Work order>
Repeat the lines of the data exactly, from the first one through the one that contains "I love Shells".

Exercise material>
* * * * * * *
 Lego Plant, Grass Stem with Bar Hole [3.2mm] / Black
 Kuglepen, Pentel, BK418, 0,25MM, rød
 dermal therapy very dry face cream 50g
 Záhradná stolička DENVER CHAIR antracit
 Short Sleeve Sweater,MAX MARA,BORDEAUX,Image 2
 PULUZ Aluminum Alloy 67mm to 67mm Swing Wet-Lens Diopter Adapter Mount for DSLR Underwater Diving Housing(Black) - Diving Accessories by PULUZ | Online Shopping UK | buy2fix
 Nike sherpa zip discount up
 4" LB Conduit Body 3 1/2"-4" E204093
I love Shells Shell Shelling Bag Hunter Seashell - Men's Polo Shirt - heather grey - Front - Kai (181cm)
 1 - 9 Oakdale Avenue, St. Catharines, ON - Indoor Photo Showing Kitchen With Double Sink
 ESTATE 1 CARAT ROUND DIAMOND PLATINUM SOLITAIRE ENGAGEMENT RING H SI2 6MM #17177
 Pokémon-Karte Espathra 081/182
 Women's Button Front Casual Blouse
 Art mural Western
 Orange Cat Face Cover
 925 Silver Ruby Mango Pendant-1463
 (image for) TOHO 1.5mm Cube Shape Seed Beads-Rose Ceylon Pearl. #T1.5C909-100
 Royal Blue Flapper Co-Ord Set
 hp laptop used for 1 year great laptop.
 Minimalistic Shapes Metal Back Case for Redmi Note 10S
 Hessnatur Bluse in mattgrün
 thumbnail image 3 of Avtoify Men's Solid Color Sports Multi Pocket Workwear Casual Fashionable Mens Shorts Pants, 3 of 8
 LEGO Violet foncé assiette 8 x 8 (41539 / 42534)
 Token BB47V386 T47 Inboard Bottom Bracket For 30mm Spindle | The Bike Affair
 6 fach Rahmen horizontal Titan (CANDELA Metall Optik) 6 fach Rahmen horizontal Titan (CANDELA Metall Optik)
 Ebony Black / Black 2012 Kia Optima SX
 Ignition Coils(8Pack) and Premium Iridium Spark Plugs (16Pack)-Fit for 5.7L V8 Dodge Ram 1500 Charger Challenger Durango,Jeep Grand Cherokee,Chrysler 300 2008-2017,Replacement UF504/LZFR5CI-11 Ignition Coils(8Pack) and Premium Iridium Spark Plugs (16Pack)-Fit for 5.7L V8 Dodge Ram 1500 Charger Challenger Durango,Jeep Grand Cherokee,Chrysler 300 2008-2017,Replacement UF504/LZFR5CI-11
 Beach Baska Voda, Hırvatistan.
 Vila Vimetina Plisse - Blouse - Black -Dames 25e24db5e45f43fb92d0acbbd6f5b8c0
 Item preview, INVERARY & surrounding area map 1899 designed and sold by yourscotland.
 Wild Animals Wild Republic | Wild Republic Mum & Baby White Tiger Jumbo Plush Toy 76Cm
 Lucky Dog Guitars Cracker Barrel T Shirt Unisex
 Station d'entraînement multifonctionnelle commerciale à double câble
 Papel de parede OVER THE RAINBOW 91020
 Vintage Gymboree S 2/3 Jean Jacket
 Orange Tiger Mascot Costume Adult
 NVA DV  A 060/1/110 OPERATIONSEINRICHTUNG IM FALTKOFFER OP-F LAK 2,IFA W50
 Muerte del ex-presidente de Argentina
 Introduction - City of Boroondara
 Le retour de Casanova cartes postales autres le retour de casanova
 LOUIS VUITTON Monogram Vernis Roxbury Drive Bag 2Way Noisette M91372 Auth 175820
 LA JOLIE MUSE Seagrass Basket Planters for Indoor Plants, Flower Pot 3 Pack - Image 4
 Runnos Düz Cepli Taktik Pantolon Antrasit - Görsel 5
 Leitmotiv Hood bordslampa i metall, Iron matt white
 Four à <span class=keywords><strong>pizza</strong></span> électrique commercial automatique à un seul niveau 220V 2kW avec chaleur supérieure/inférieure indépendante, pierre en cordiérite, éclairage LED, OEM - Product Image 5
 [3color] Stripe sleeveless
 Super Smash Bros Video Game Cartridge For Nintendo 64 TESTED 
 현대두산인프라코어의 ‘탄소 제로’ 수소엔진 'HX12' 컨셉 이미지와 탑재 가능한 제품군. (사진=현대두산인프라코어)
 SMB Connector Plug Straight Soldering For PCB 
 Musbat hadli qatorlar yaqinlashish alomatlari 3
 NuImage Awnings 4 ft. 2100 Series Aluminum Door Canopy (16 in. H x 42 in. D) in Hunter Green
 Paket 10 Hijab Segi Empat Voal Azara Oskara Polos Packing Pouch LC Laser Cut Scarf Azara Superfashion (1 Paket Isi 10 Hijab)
* * * * * * *
Result>
 Lego Plant, Grass Stem with Bar Hole [3.2mm] / Black
 Kuglepen, Pentel, BK418, 0,25MM, rød
 dermal therapy very dry face cream 50g
 Záhradná stolička DENVER CHAIR antracit
 Short Sleeve Sweater,MAX MARA,BORDEAUX,Image 2
 PULUZ Aluminum Alloy 67mm to 67mm Swing Wet-Lens Diopter Adapter Mount for DSLR Underwater Diving Housing(Black) - Diving Accessories by PULUZ | Online Shopping UK | buy2fix
 Nike sherpa zip discount up
 4" LB Conduit Body 3 1/2"-4" E204093
I love Shells Shell Shelling Bag Hunter Seashell - Men's Polo Shirt - heather grey - Front - Kai (181cm)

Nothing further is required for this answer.